> What to work on: For this exercise, print only the lines from the one containing "Gabriel Boric llama" through the end of the material below, exactly as given.

> Entries shown:
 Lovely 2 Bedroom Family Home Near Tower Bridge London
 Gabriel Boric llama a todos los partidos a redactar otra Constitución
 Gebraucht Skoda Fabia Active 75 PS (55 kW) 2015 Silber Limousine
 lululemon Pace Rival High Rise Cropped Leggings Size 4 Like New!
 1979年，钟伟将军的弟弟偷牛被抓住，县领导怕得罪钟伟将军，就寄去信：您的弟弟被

> Answer for this exercise:
 Gabriel Boric llama a todos los partidos a redactar otra Constitución
 Gebraucht Skoda Fabia Active 75 PS (55 kW) 2015 Silber Limousine
 lululemon Pace Rival High Rise Cropped Leggings Size 4 Like New!
 1979年，钟伟将军的弟弟偷牛被抓住，县领导怕得罪钟伟将军，就寄去信：您的弟弟被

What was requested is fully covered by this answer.